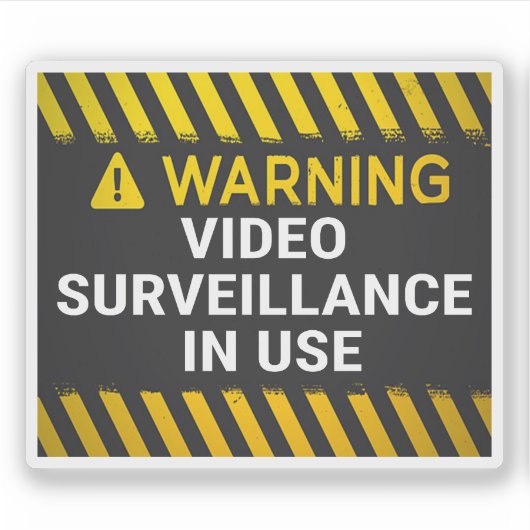 Waarschuwing Video Bewaking In Gebruik Sticker (Voorkant)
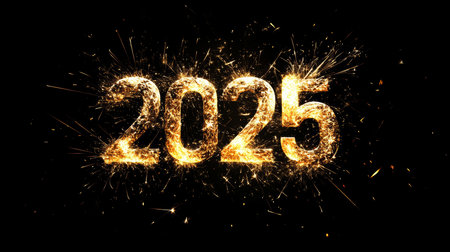2025 New Year celebration sparkling design. Gold glittering numbers on black background.の素材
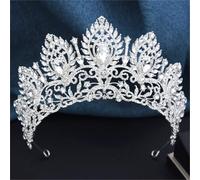 Diadema da donna di lusso rosa rossa corona di cristallo regina copricapo nuziale gioielli per capelli per abito da sposa e look da concorso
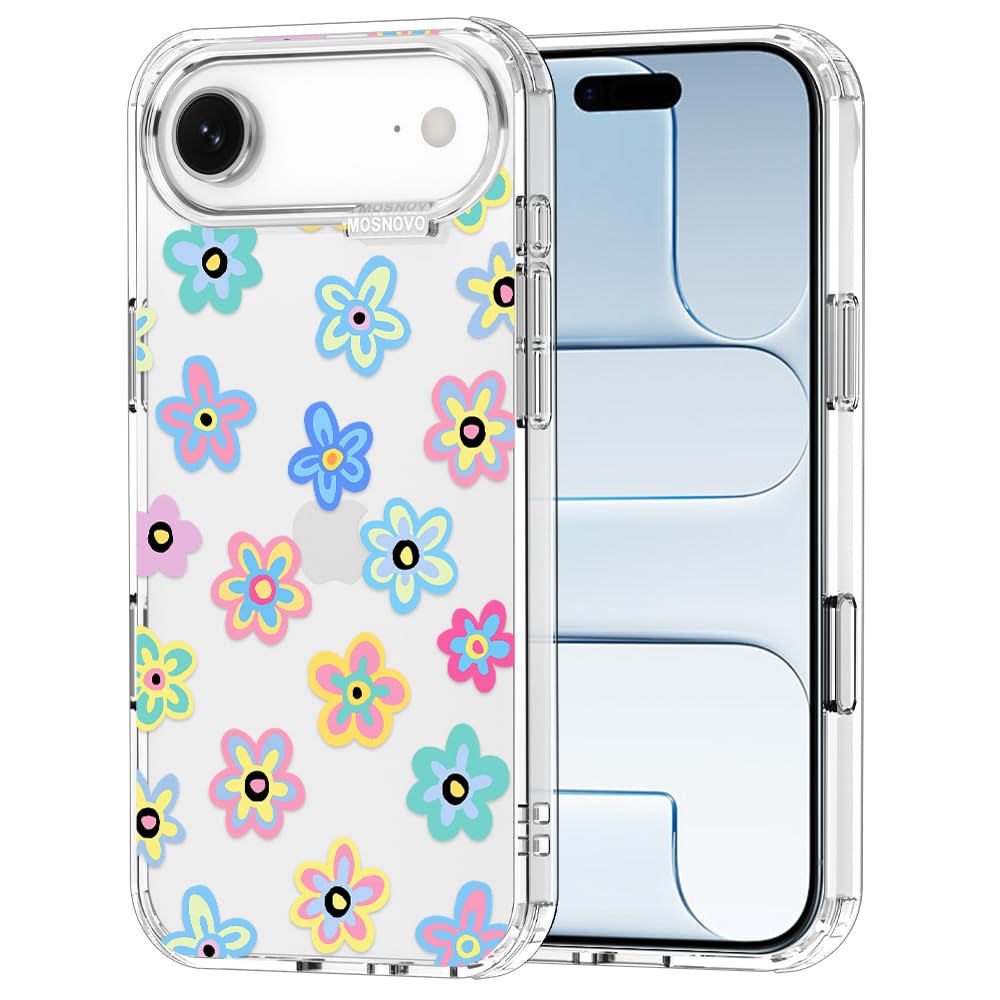 MOSNOVO for iPhone Air Case | Military Grade 6.6ft Drop Tested | Camera Control | Clear with Groovy Flower Design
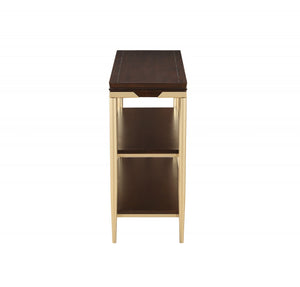 Homeroots 14" X 48" X 30" Cherry Metal Wood Sofa Table   347457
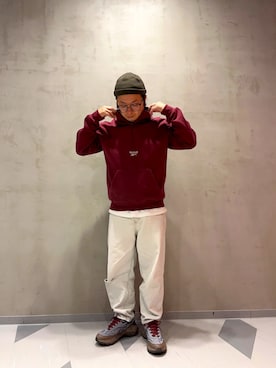 「Reebok（リーボック）のアイテム（スウェット）」を使った、tsuruさん（メンズ・164cm）の秋コーディネート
★ ★ ★ ★
» **Problem to work on**
The material above should be returned exactly, without pictures.

» **Solution**
 Waarschuwing Video Bewaking In Gebruik Sticker (Voorkant)
2025 New Year celebration sparkling design. Gold glittering numbers on black background.の素材
 Diadema da donna di lusso rosa rossa corona di cristallo regina copricapo nuziale gioielli per capelli per abito da sposa e look da concorso
 MOSNOVO for iPhone Air Case | Military Grade 6.6ft Drop Tested | Camera Control | Clear with Groovy Flower Design
 Homeroots 14" X 48" X 30" Cherry Metal Wood Sofa Table   347457
 「Reebok（リーボック）のアイテム（スウェット）」を使った、tsuruさん（メンズ・164cm）の秋コーディネート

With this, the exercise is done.